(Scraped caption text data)
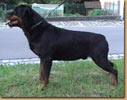Rex vom Hause Frick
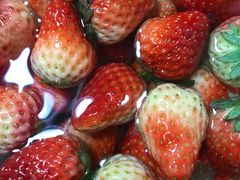 -水果天空(东葛店)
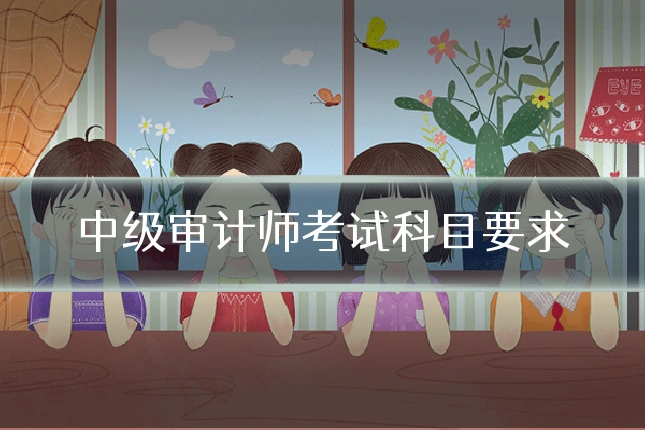 中级审计师考试科目要求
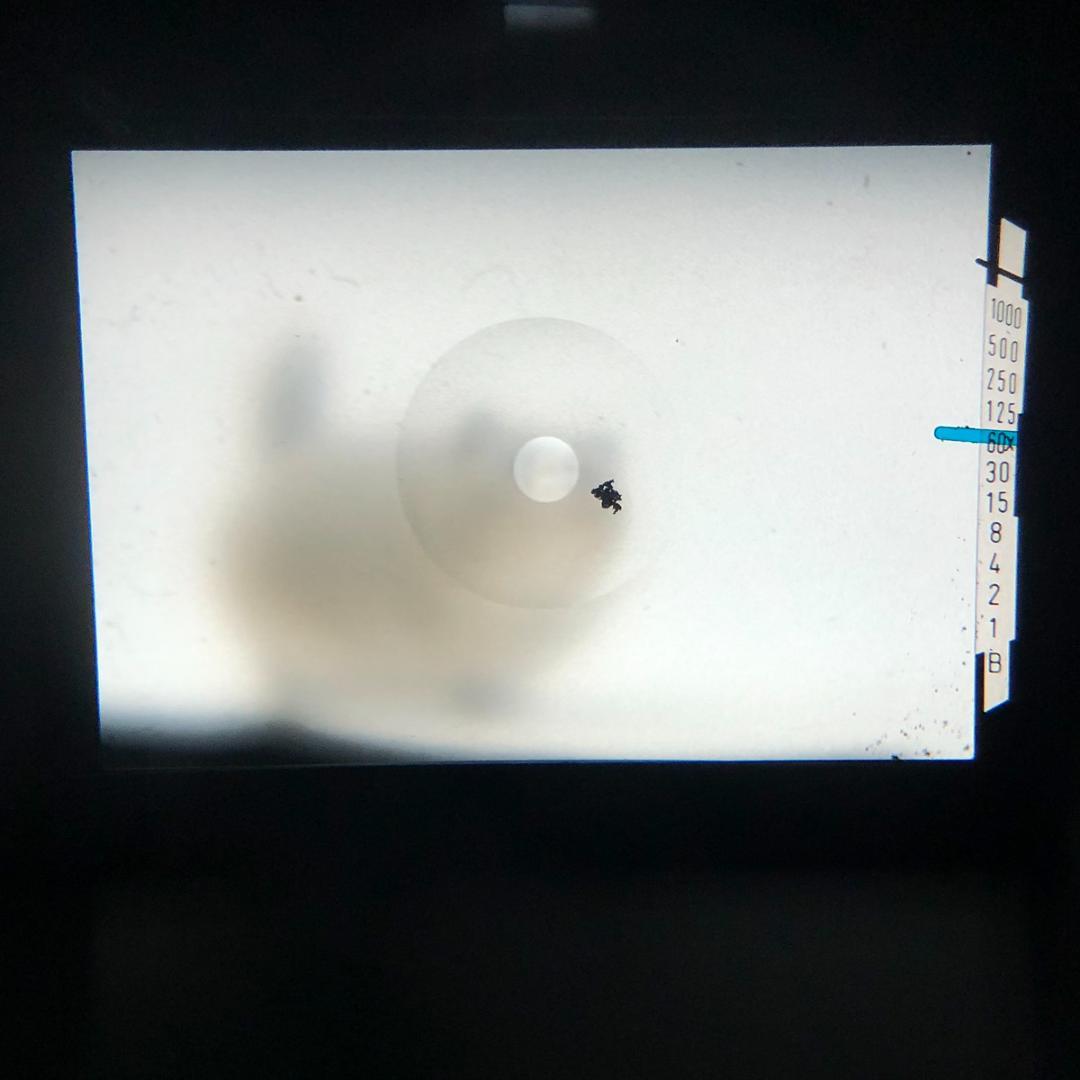 C6607】分解清掃済み！ PENTAX KX + SMC 55mm F1.8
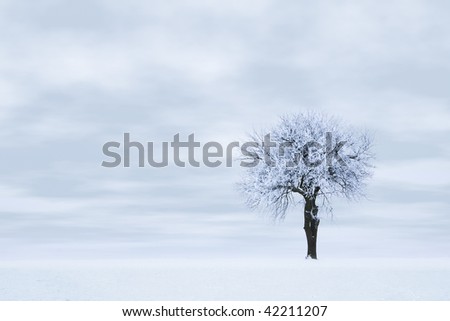 Tree in frost and snow against sky. Winter scene.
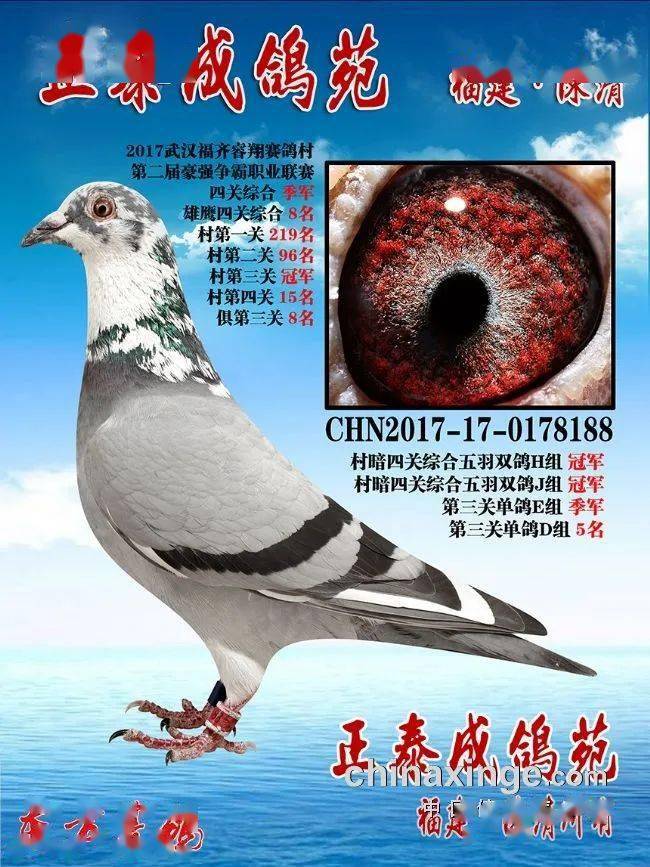 正泰成鸽苑 老字号放光芒——福建名家陈清随记_鸽子_种鸽_东方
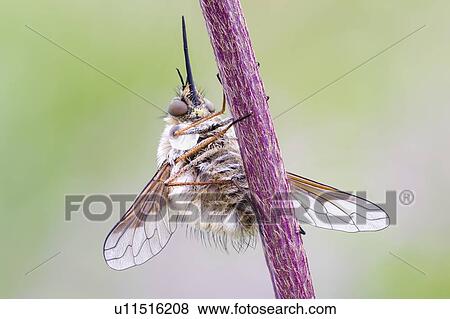 Stock Photo - Bee fly. Fotosearch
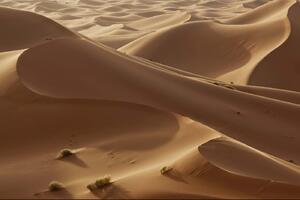 Fototapetă vlies dune din sahara 375 x 250 cm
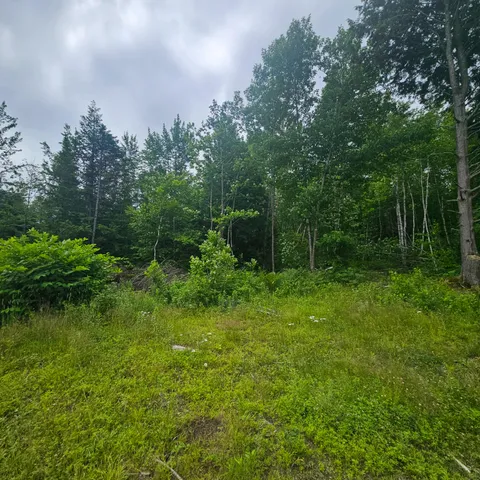 $39,900 | Lot 1 Kelly Lane, Millinocket, ME 04462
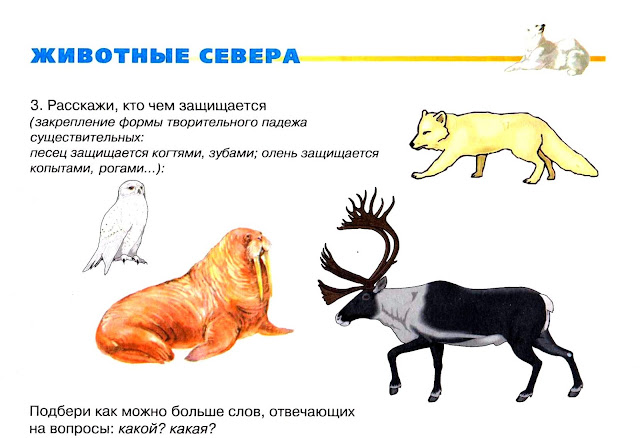 неделя животные севера подготовительная группа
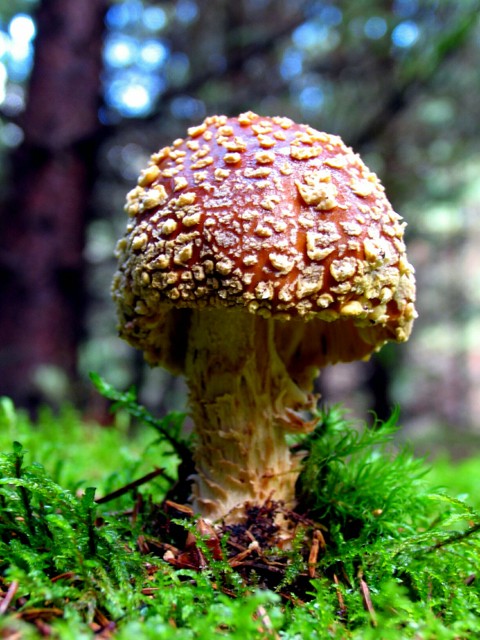 Some wonderful amanita muscaria.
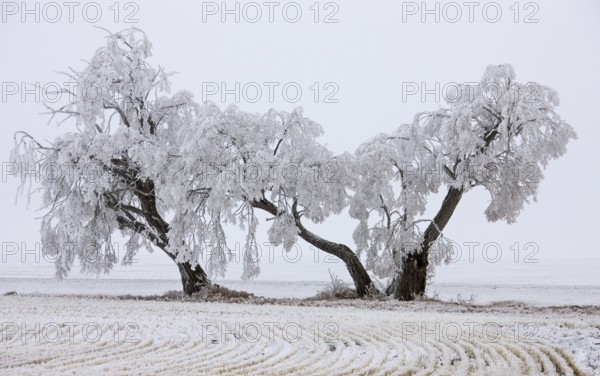 Winter Frost Saskatchewan Canada ice storm danger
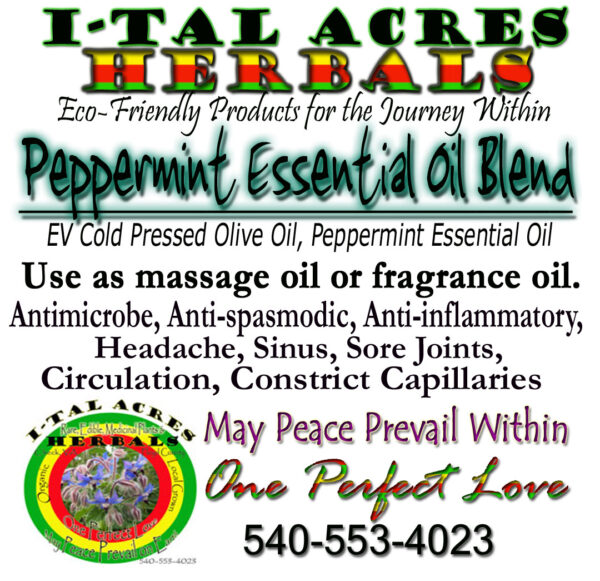 peppermintblendhirres Peppermint Massage Oil 1oz
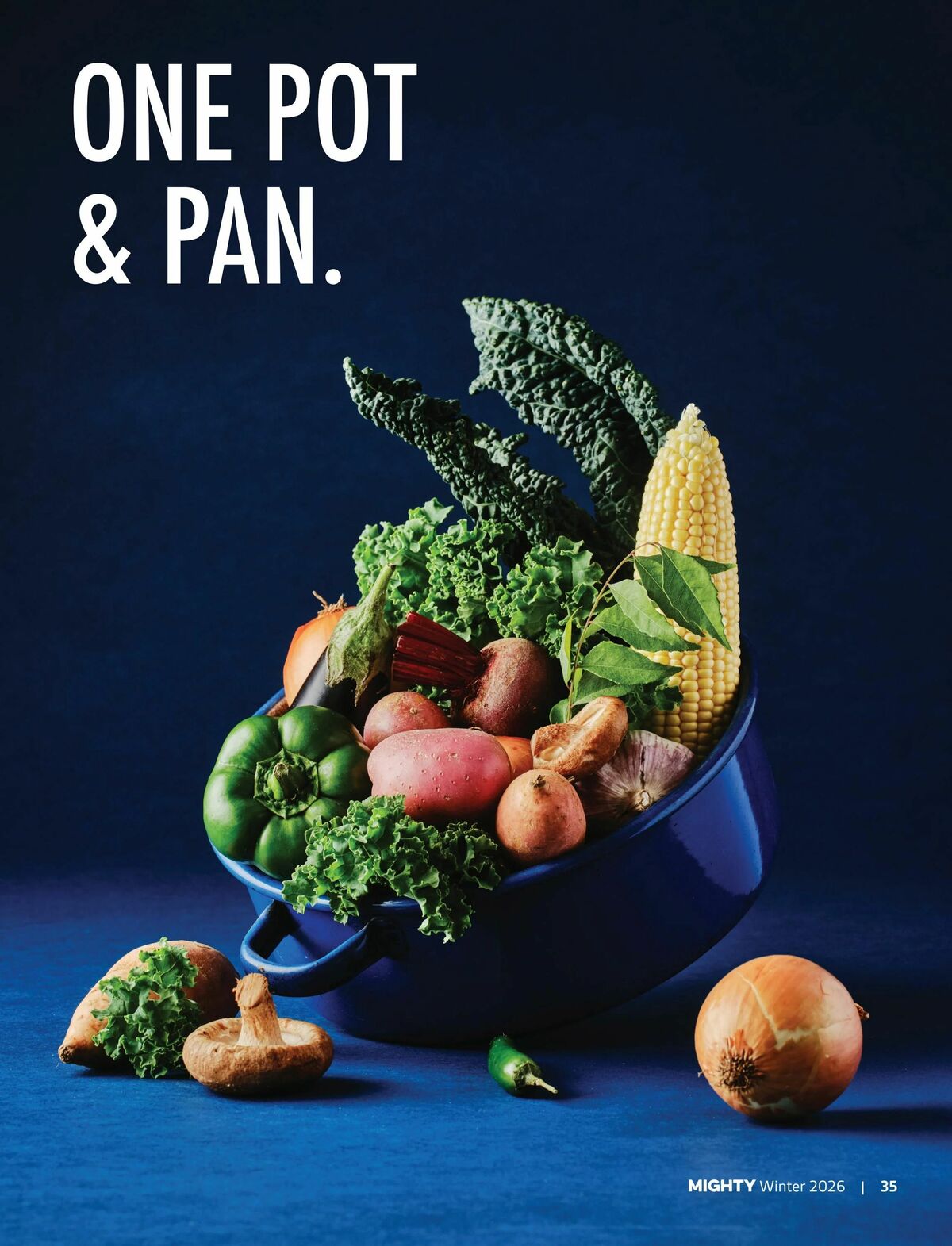 Foodland Mighty Magazine - Winter Catalogues from 1 June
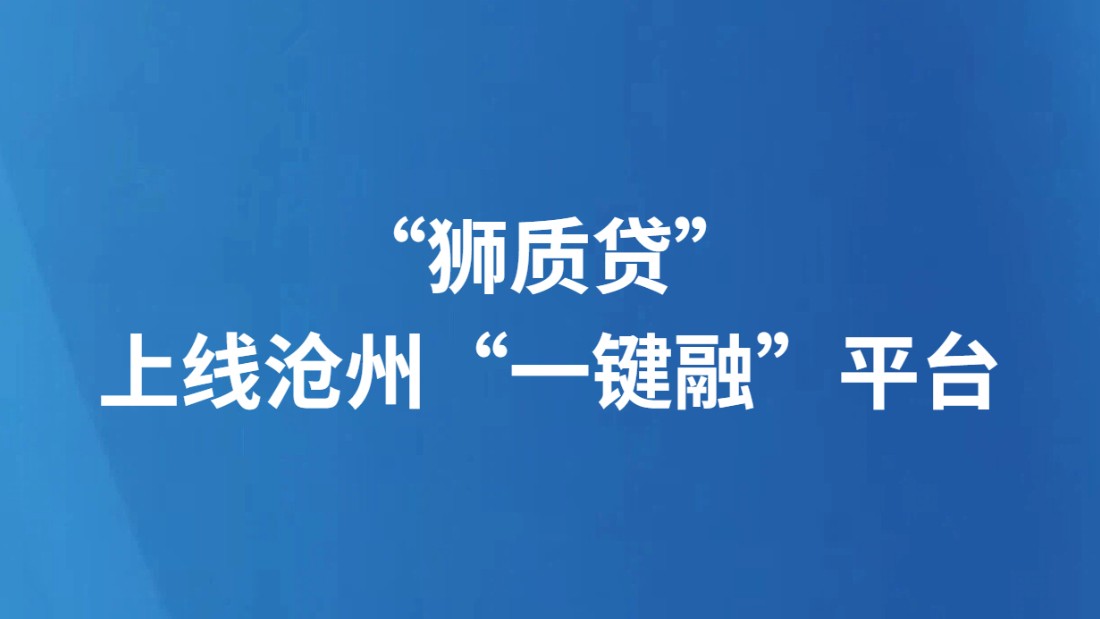 “狮质贷”上线沧州“一键融”平台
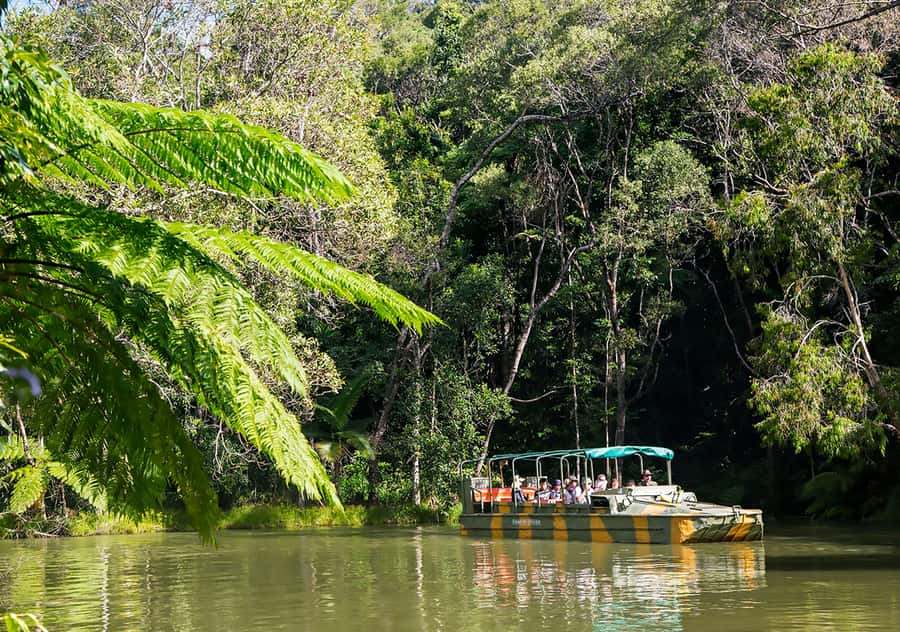 Kuranda Pamagirri Aboriginal Premium Full-Day Tour - Aboriginal canvas art workshop: a take-home memory with a story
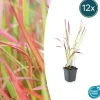LA GREEN TOUCH - Imperata herbe sanglante 'red baron' x12 – entre 0,75 et 1m2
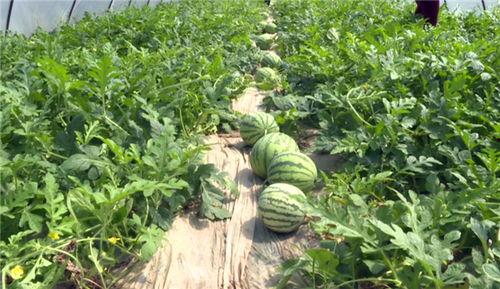 夏邑吃瓜最新事件爆料,揭秘背后惊人真相，网络热议持续升温  第3张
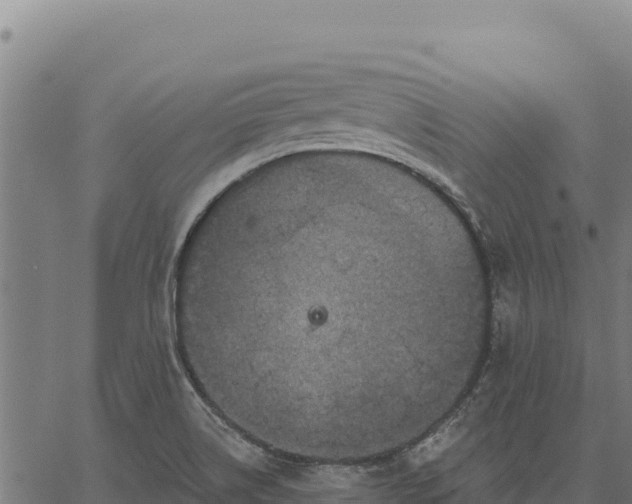 X0000066511514200603311716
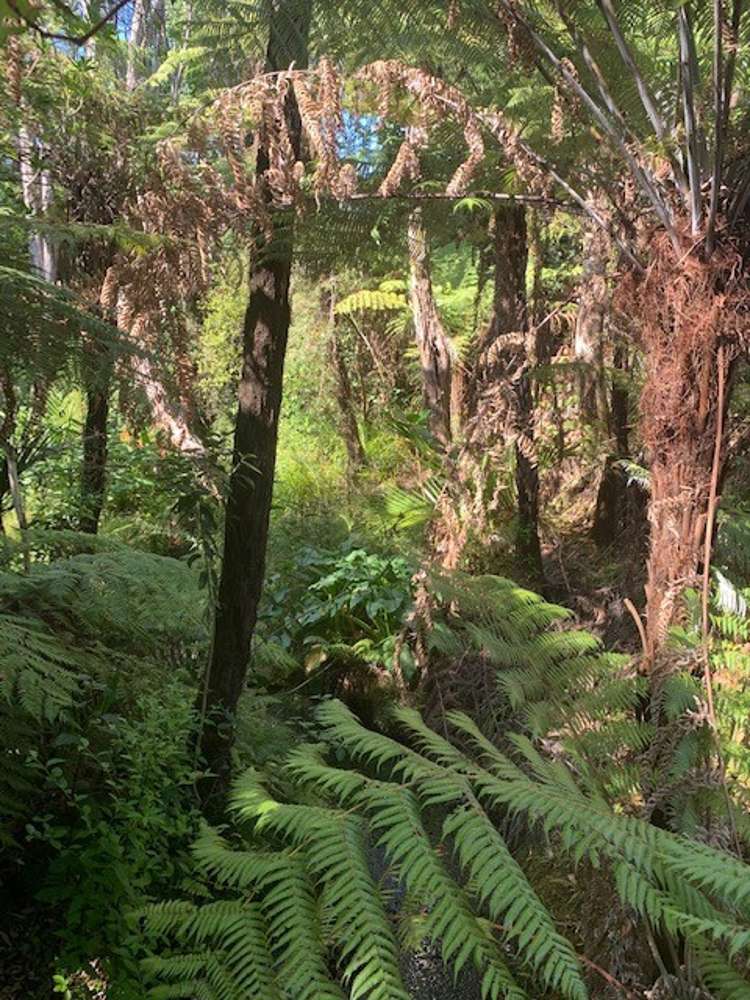 129 Bays Road Orere Point_7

## Task
All that is needed is an exact copy of the lines from the top of the entries through the line containing "LA GREEN TOUCH", pictures left out.

## Exercise solution
Rex vom Hause Frick
 -水果天空(东葛店)
 中级审计师考试科目要求
 C6607】分解清掃済み！ PENTAX KX + SMC 55mm F1.8
 Tree in frost and snow against sky. Winter scene.
 正泰成鸽苑 老字号放光芒——福建名家陈清随记_鸽子_种鸽_东方
 Stock Photo - Bee fly. Fotosearch
 Fototapetă vlies dune din sahara 375 x 250 cm
 $39,900 | Lot 1 Kelly Lane, Millinocket, ME 04462
 неделя животные севера подготовительная группа
 Some wonderful amanita muscaria.
 Winter Frost Saskatchewan Canada ice storm danger
 peppermintblendhirres Peppermint Massage Oil 1oz
 Foodland Mighty Magazine - Winter Catalogues from 1 June
 “狮质贷”上线沧州“一键融”平台
 Kuranda Pamagirri Aboriginal Premium Full-Day Tour - Aboriginal canvas art workshop: a take-home memory with a story
LA GREEN TOUCH - Imperata herbe sanglante 'red baron' x12 – entre 0,75 et 1m2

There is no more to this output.